Image-caption web data:
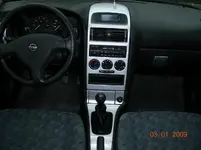 DSCN2513.webp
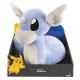 Pokemon T19353&nbsp;–&nbsp;Tomy Large Plush Dratini, Soft Toy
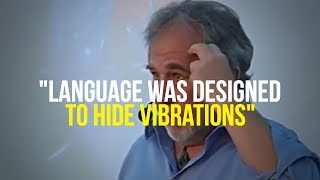 The Science That Will Change Your Future | Dr. Bruce Lipton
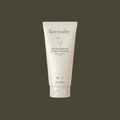Barrier Balance Creamy Cleanser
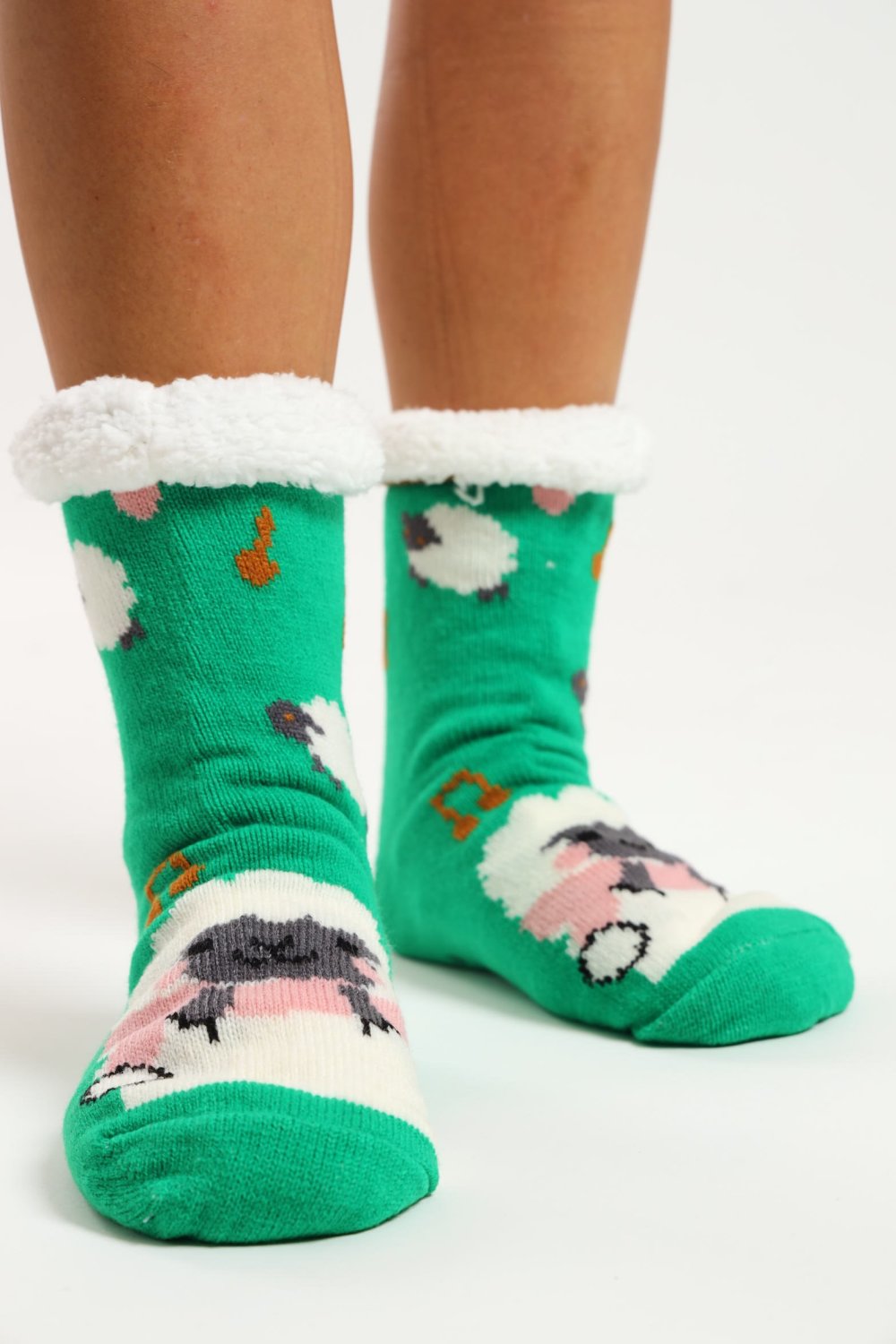 Product image - {main}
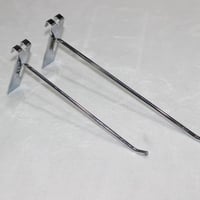 هوك • ٥٠٠ قطعة • مستعمل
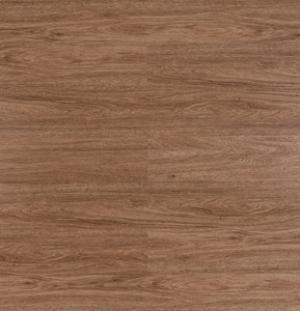 Oxford Clic - 005 K166123 Saxon.jpg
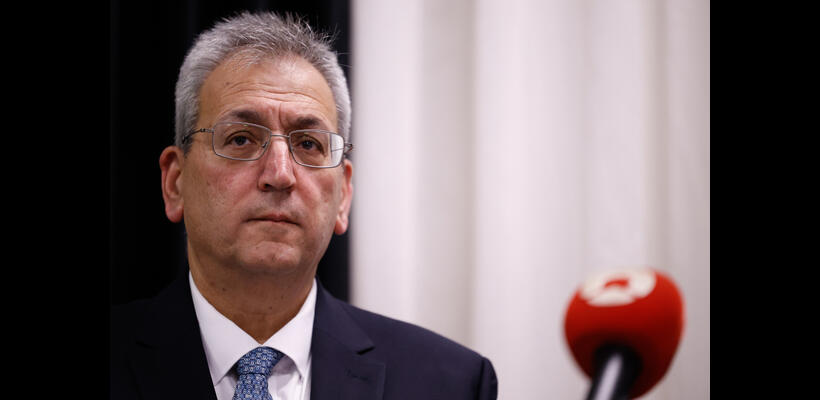 Ανεβαίνει στα 1.088 ευρώ ο Εθνικός Κατώτατος Μισθός από την Πρωτοχρονιά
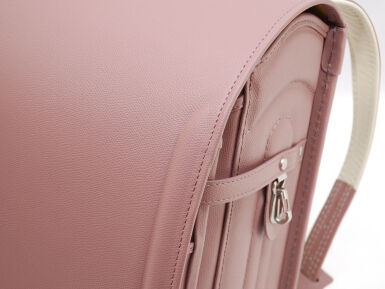 ダスティピンク3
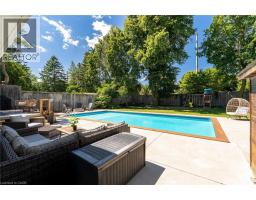 581 GLENDENE Crescent - 25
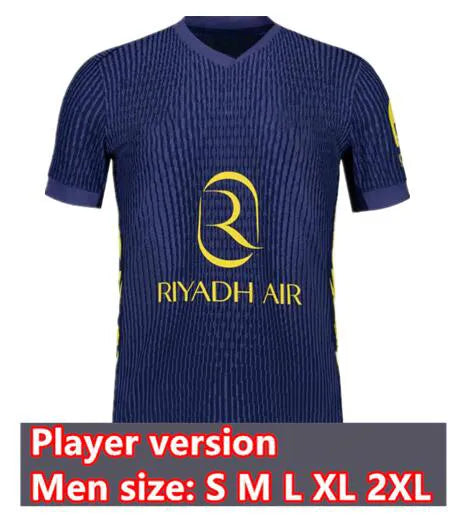 Atleticos Madrides Soccer T Shirts   Griezmann,... Player 25/26 away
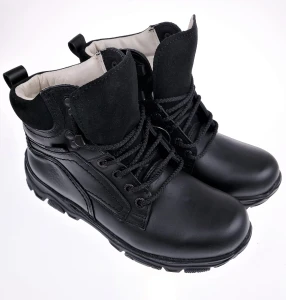 Buty traperki HANZEL (rozmiary 32-43)
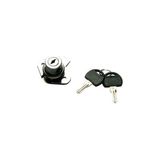 Mey İthalat Mey Ithalat® Mrd 106-22 mm Oval Çekmece Kilidi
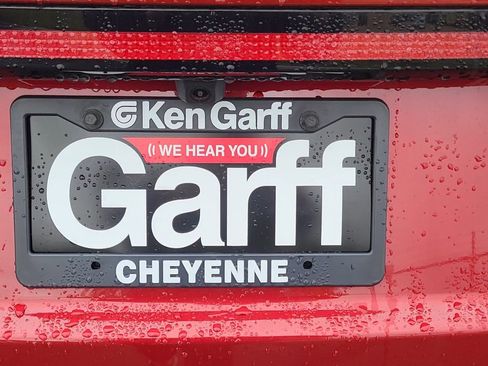 New 2025 Hyundai Tucson SEL image 24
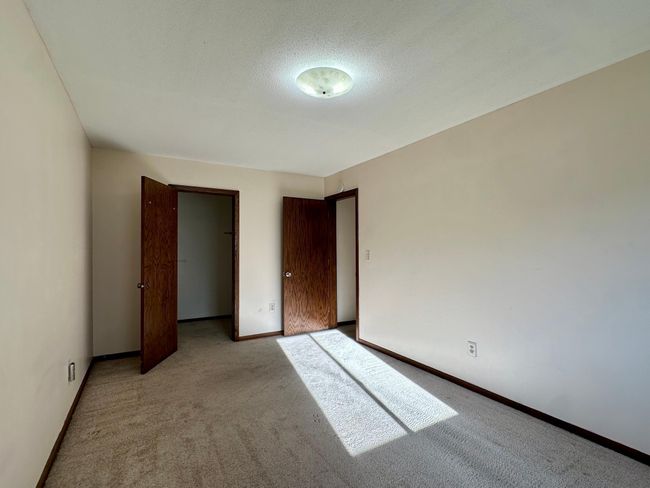 Primary Bedroom | Image 13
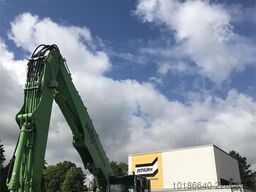 Sennebogen 824M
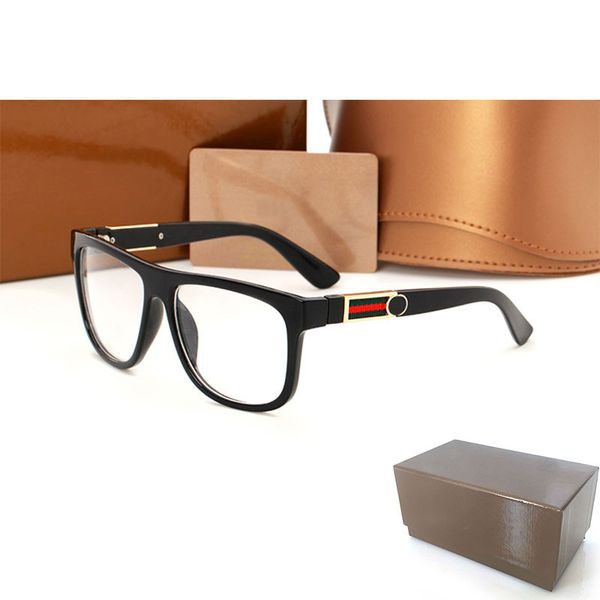 designer womans sunglasses 3880 luxury mens sun glasses uv protection men eyeglass gradient metal hinge fashion women289y, White;black
designer womans sunglasses 3880 luxury mens sun glasses uv protection men eyeglass gradient metal hinge fashion women289y, White;black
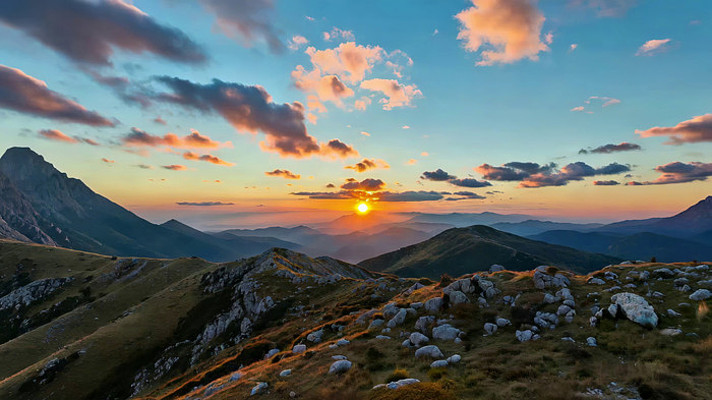 ɽ���ճ�׳����ɫ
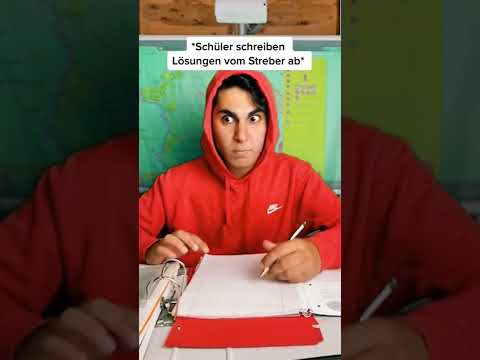 Damit hat keiner gerechnet😂 #shorts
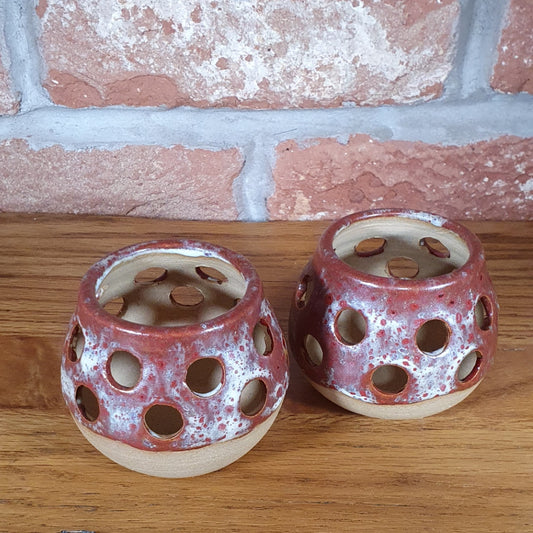 Tea Light Holders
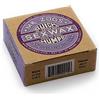 Mr Zogs Sex Wax Sex Wax Mr Zogs Quick Humps - Cera da surf calda fredda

§ **WHAT IS REQUIRED**
What you write must match, line for line, the lines from the one with "The Science That" through the last line of the data above, minus the pictures.

§ **SOLUTION FOR THIS PROBLEM**
 The Science That Will Change Your Future | Dr. Bruce Lipton
Barrier Balance Creamy Cleanser
 Product image - {main}
 هوك • ٥٠٠ قطعة • مستعمل
 Oxford Clic - 005 K166123 Saxon.jpg
 Ανεβαίνει στα 1.088 ευρώ ο Εθνικός Κατώτατος Μισθός από την Πρωτοχρονιά
 ダスティピンク3
 581 GLENDENE Crescent - 25
 Atleticos Madrides Soccer T Shirts   Griezmann,... Player 25/26 away
 Buty traperki HANZEL (rozmiary 32-43)
 Mey İthalat Mey Ithalat® Mrd 106-22 mm Oval Çekmece Kilidi
 New 2025 Hyundai Tucson SEL image 24
 Primary Bedroom | Image 13
 Sennebogen 824M
 designer womans sunglasses 3880 luxury mens sun glasses uv protection men eyeglass gradient metal hinge fashion women289y, White;black
designer womans sunglasses 3880 luxury mens sun glasses uv protection men eyeglass gradient metal hinge fashion women289y, White;black
 ɽ���ճ�׳����ɫ
 Damit hat keiner gerechnet😂 #shorts
 Tea Light Holders
 Mr Zogs Sex Wax Sex Wax Mr Zogs Quick Humps - Cera da surf calda fredda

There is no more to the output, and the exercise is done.